Metadata-Version: 2.4
Name: flowml-core
Version: 0.1.1
Summary: FlowML: A High-performance data pipeline framework combining FastAPI, Rust (Rayon), and real-time WebSocket execution
License: MIT License
        
        Copyright (c) 2026 Sarthak Dongare
        
        Permission is hereby granted, free of charge, to any person obtaining a copy
        of this software and associated documentation files (the "Software"), to deal
        in the Software without restriction, including without limitation the rights
        to use, copy, modify, merge, publish, distribute, sublicense, and/or sell
        copies of the Software, and to permit persons to whom the Software is
        furnished to do so, subject to the following conditions:
        
        The above copyright notice and this permission notice shall be included in all
        copies or substantial portions of the Software.
        
        THE SOFTWARE IS PROVIDED "AS IS", WITHOUT WARRANTY OF ANY KIND, EXPRESS OR
        IMPLIED, INCLUDING BUT NOT LIMITED TO THE WARRANTIES OF MERCHANTABILITY,
        FITNESS FOR A PARTICULAR PURPOSE AND NONINFRINGEMENT. IN NO EVENT SHALL THE
        AUTHORS OR COPYRIGHT HOLDERS BE LIABLE FOR ANY CLAIM, DAMAGES OR OTHER
        LIABILITY, WHETHER IN AN ACTION OF CONTRACT, TORT OR OTHERWISE, ARISING FROM,
        OUT OF OR IN CONNECTION WITH THE SOFTWARE OR THE USE OR OTHER DEALINGS IN THE
        SOFTWARE.
Requires-Python: >=3.11
Description-Content-Type: text/markdown
License-File: LICENSE
Requires-Dist: fastapi>=0.135.1
Requires-Dist: jinja2>=3.1.6
Requires-Dist: maturin>=1.12.6
Requires-Dist: openpyxl>=3.1.5
Requires-Dist: pandas>=3.0.1
Requires-Dist: psycopg2-binary>=2.9.11
Requires-Dist: pydantic>=2.12.5
Requires-Dist: pymysql>=1.1.2
Requires-Dist: python-multipart>=0.0.22
Requires-Dist: requests>=2.32.5
Requires-Dist: rich>=14.3.3
Requires-Dist: sqlalchemy>=2.0.48
Requires-Dist: typer>=0.24.1
Requires-Dist: uvicorn[standard]>=0.42.0
Requires-Dist: websockets>=16.0
Requires-Dist: wsproto>=1.3.2
Dynamic: license-file

# 🚀 FlowML

FlowML is a high-performance, real-time data pipeline framework designed to simplify how developers and data practitioners process, transform, and monitor datasets at scale.

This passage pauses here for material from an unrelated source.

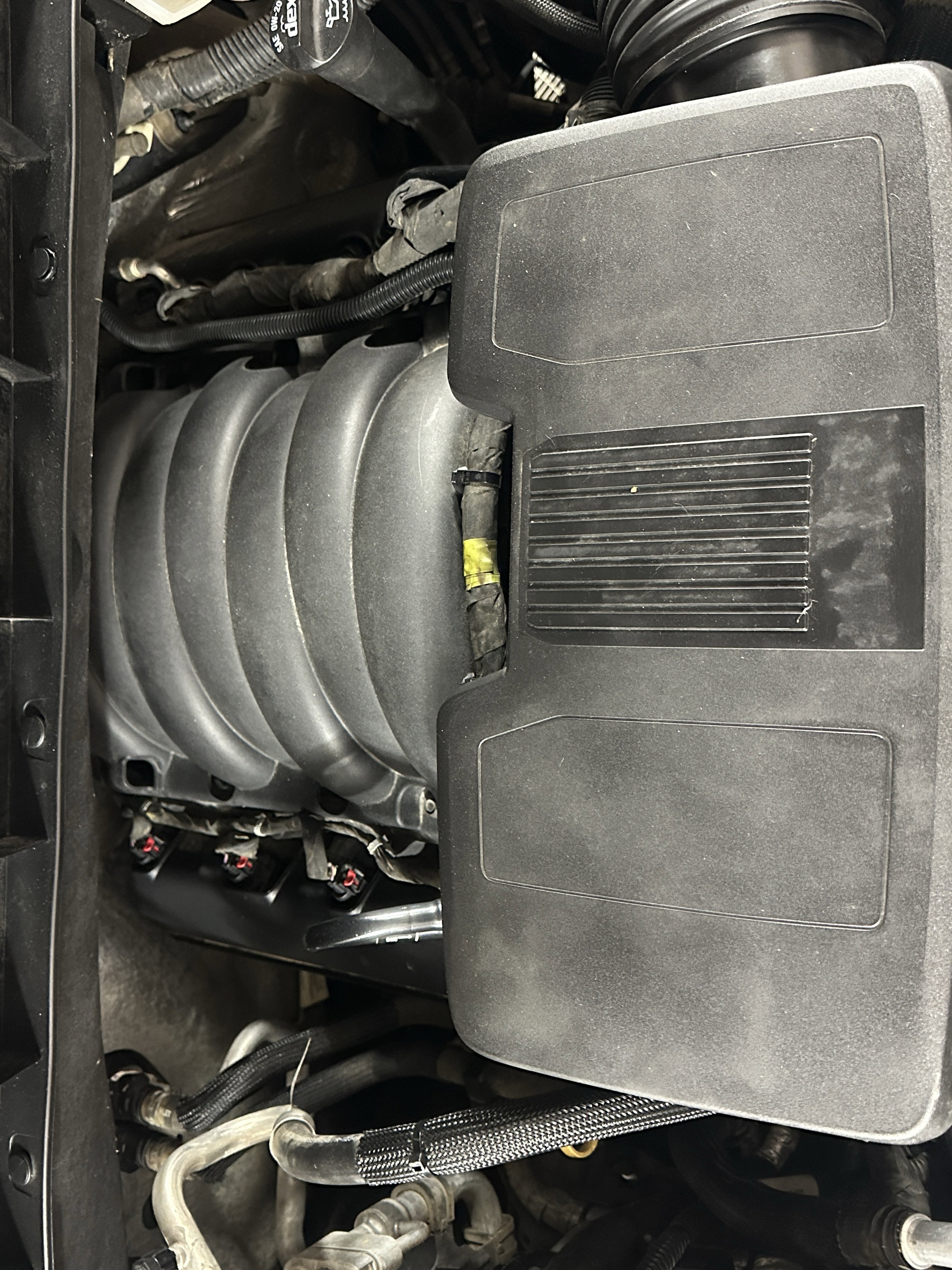 Used 2021 Chevrolet Silverado 1500 LT image 3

In modern data workflows, developers often struggle with fragmented tooling: scripts for preprocessing, separate systems for monitoring, and limited visibility into execution. Traditional pipelines are either slow, difficult to debug, or lack real-time feedback. FlowML addresses these gaps by providing a unified system that combines fast computation, structured pipelines, and live observability.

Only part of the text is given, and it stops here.